Twardziel - tekst dla facetów
Z
narodzeniem Jezusa Chrystusa było tak.
Po
zaślubinach Matki Jego, Maryi, z Józefem, wpierw nim zamieszkali razem,
znalazła się brzemienną za sprawą Ducha Świętego. Mąż Jej, Józef, który był
człowiekiem sprawiedliwym i nie chciał narazić Jej na zniesławienie, zamierzał
oddalić Ją potajemnie.
Gdy powziął
tę myśl, oto anioł Pański ukazał mu się we śnie i rzekł: «Józefie, synu Dawida,
nie bój się wziąć do siebie Maryi, twej Małżonki; albowiem z Ducha Świętego
jest to, co się w Niej poczęło. Porodzi Syna, któremu nadasz imię Jezus, On
bowiem zbawi swój lud od jego grzechów».
A stało się
to wszystko, aby się wypełniło słowo Pańskie powiedziane przez Proroka: «Oto
Dziewica pocznie i porodzi Syna, któremu nadadzą imię Emmanuel», to znaczy Bóg
z nami.
Zbudziwszy
się ze snu, Józef uczynił tak, jak mu polecił anioł Pański: wziął swoją
Małżonkę do siebie.
Mt 1, 18-24
Rozważanie
dzisiejszego fragmentu Mateuszowej Ewangelii warto zacząćod wyjaśnienia, czym
były te wspomniane w tekście zaślubiny, skoro małżonkowie nie zamieszkali jeszcze
razem. Kontekst opisanego wydarzenia wskazuje, iż tak naprawdę mowa jest tu o
zaręczynach, rozpoczynających najczęściej roczny okres narzeczeństwa.
Samo
zawarcie małżeństwa następowało z chwilą
przeprowadzki panny młodej do domu męża. Potajemne oddalenie planowane przez
Józefa, to wręczenie ojcu narzeczonej znanego Prawu Mojżeszowemu listu
rozwodowego, czyli zerwanie zaręczyn,
jako alternatywy dla postawienia Maryi zarzutu zdrady, czyli
wiarołomstwa. Narzeczeni byli bowiem od zaręczyn zobowiązani do wierności,
której niedochowanie zgodnie z prawem oznaczać mogło dla Maryi śmierć poprzez
ukamienowanie.
Warto
dziś przyjrzeć się Św. Józefowi, Wielkiemu Milczącemu Ewangelii. Podczas gdy
Ewangeliści odnotowują słowa wypowiedziane przez bohaterów pierwszych stron
swych dzieł, jak słowa Zachariasza, Elżbiety czy później ich syna, Jana
Chrzciciela, a także Maryi, Józefowi nie przypisano ani jednego wypowiedzianego
słowa.
Tak
w ogóle Św. Józef to niesamowita postać. Tak pokorny i tak wręcz niezauważalny,
że żaden z czworga autorów Ewangelii nie zapisał żadnej informacji o jego śmierci. Tak jak
skromnie żył, tak skromnie odszedł. Przykładając dzisiejszą miarę do jego
postaci, przeciwieństwo współczesnego idola. Antycelebryta.
A
czy można wyobrazić sobie historię zbawienia bez Józefa? To niemożliwe… Gdyby nie jego, trzeba to
jasno powiedzieć, heroiczna z punktu widzenia mężczyzny tamtych czasów
decyzja, Maryja zginęła by pod gradem kamieni.

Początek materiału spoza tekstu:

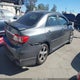 2T1BU4EE6CC757908 2012 Toyota Corolla S auction photo thumbnail 4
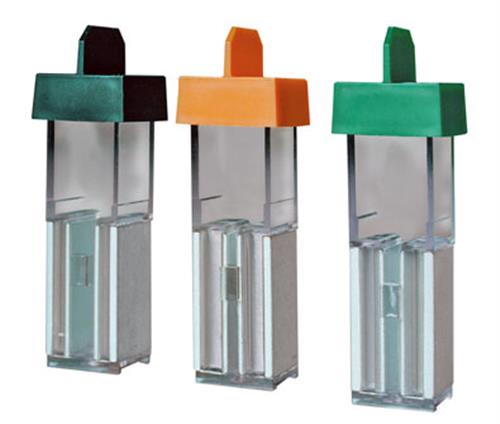 CLS-1370-03 | Electroporation Cuvettes 4mm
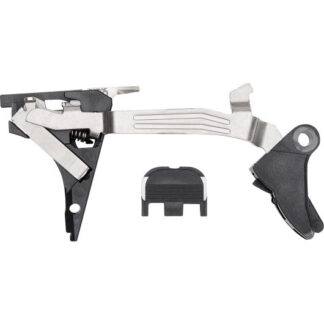 74065 Glock GLK PERFORMANCE TRIGGER 40SW
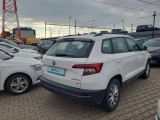  Skoda  Karoq  (NU)(2017->) 2.0 #2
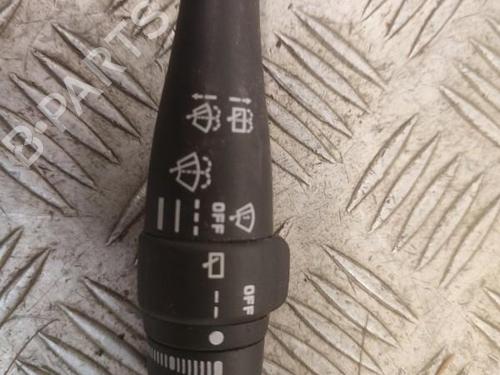 Steering column stalk NISSAN ALMERA II Hatchback (N16) 1.5 | BP23744482I23 - Image 3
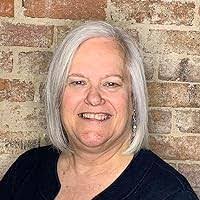 Eileen Cookson's Instagram, Twitter & Facebook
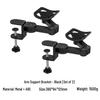 adjustable - 2-pack (tj2011)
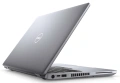 Лаптоп DELL LATITUDE 5411 I7-10850H 16GB 256GB SSD NVME с до 24 МЕСЕЦА ГАРАНЦИЯ, снимка 4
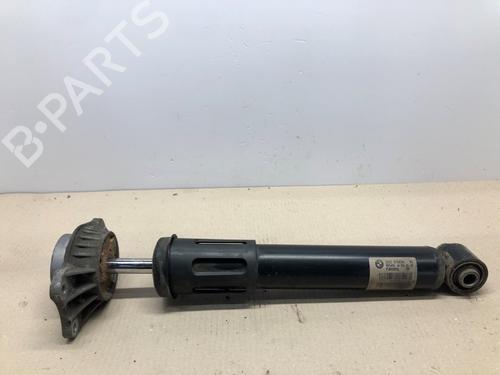 Used Left rear shock absorber Left rear shock absorber 37206141 37206141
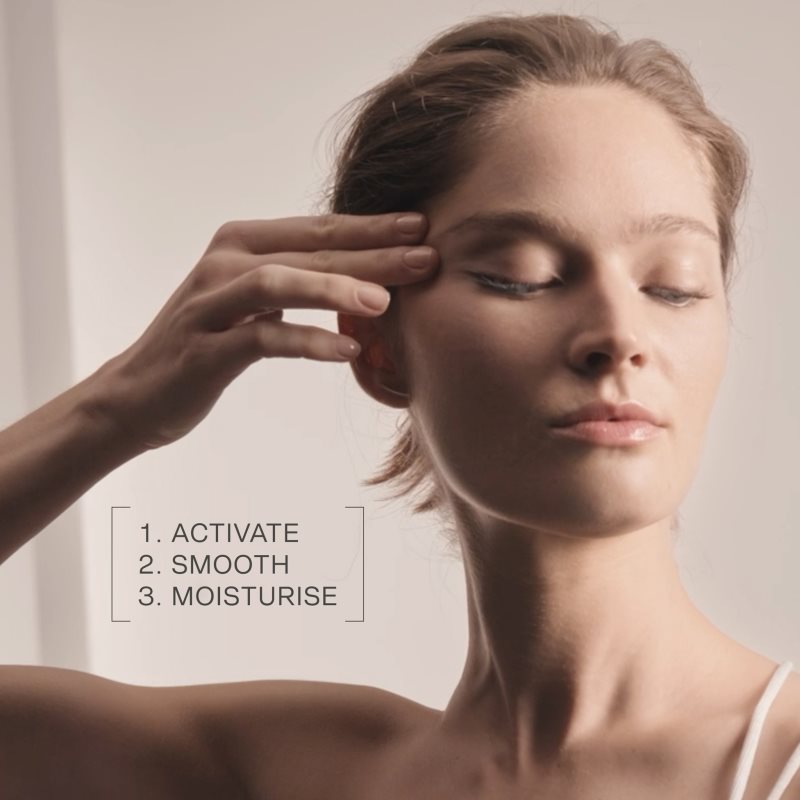 La Prairie Skin Caviar Liquid Lift zpevňující sérum s kaviárem 50 ml (obrázek 5)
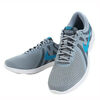 Zapatilla Hombre Nike Revolution 4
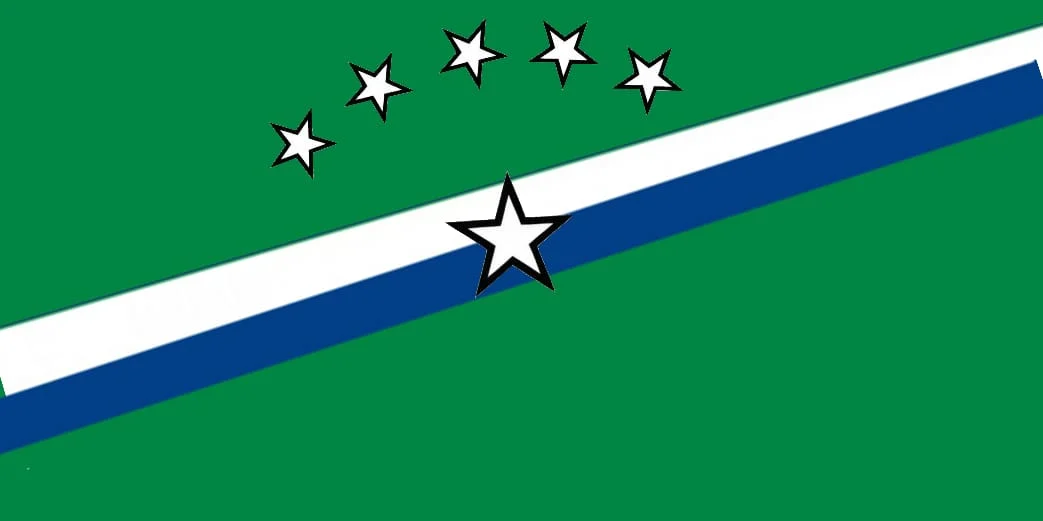 Photo of Bela Vista do Maranhão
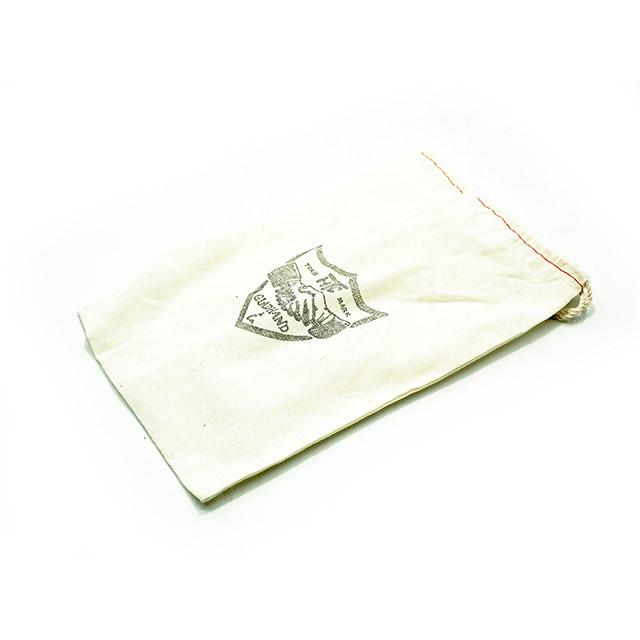 全2色【GLAD HAND/グラッドハンド】×【HTC/エイチティーシー】2024AW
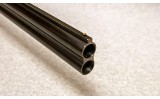 Investarm ~ 200 ~ 12 Ga 3'' - Image 5 of 10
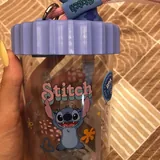 Стаканчики Stitch 3
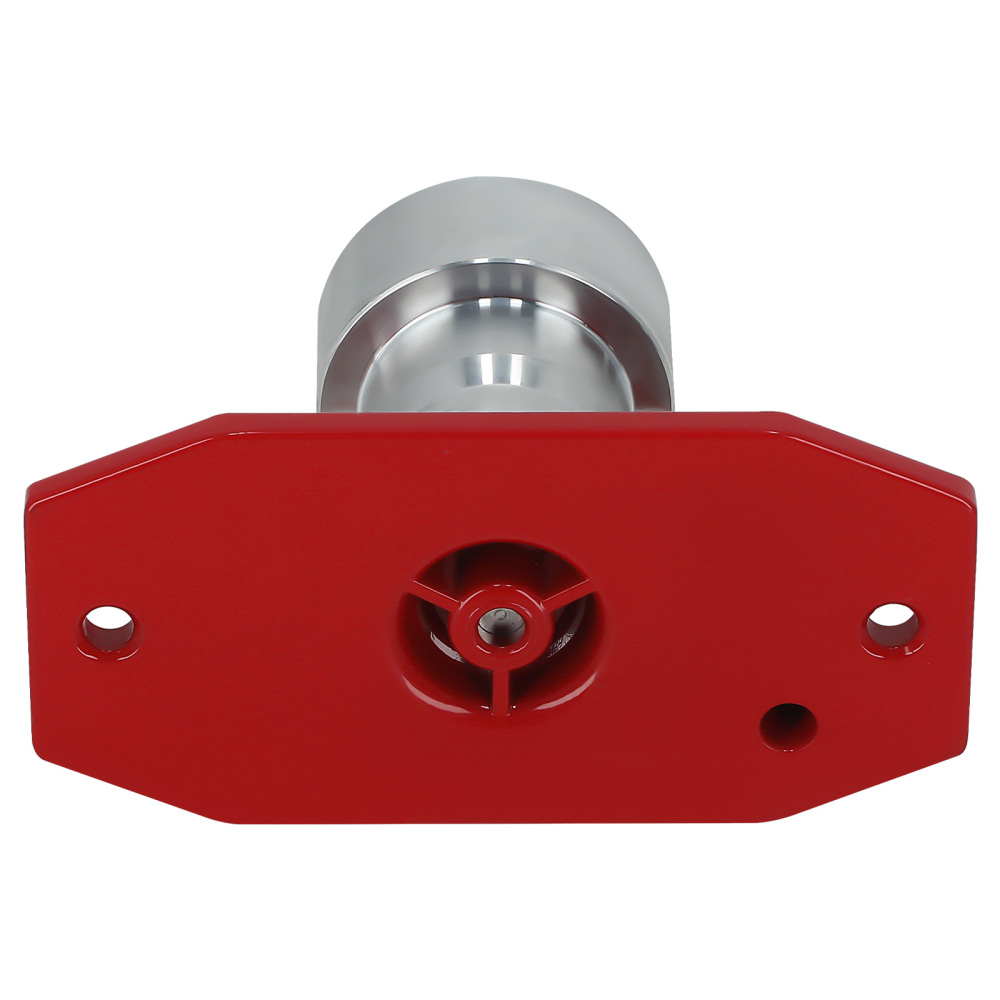 MAG-1000 Blade Balancer 750-087 Wall Mount 21573300 fit Propellers Lawn Mower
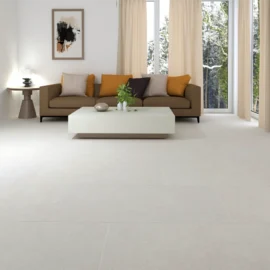 HOPPER CREAM 154CC11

Czy wiara Maryi ze sceny Zwiastowania różniła się tak bardzo od wiary Józefa, w
przesłanie otrzymane podczas snu?
Oboje
uwierzyli przecież, że Jezus zostanie poczęty i został poczęty z Ducha
Świętego. To prawda, że Maryja wyraziła na to zgodę, lecz Józef tak po prostu w
to uwierzył. Bezwarunkowo. Czy jego wiara tak bardzo różni się od wiary
Abrahama? Abraham uwierzył Bożej obietnicy, że stanie się ojcem pomimo
podeszłego wieku. Józef uwierzył, że Ojcem Syna Maryi będzie sam Bóg
Potem, już po Narodzinach, Józef
znowu wierzy Bogu i słucha Boga, zabierając swą Rodzinę do Egiptu. Znów
wszystko rzuca, stawia na jedną kartę, kolejną kartę historii zbawienia. Tą
sprawę Bóg załatwia z Józefem, nie z Maryją… Są po prostu sprawy, które
załatwia się jak facet z facetem, nie przysparzając zmartwień kobietom.
A potem droga od cudów do normalnego
życia, do zarabiania na utrzymanie swych bliskich. W Nazarecie. I na tym kończy
się znana nam historia Józefa.
Bohater, twardziel, heros wiary. I
zwykły skromny człowiek, rzemieślnik, ojciec rodziny. To wszystko w jednej
niedocenianej osobie. Wzór dla prawdziwego mężczyzny. Ile jest we mnie z Józefa?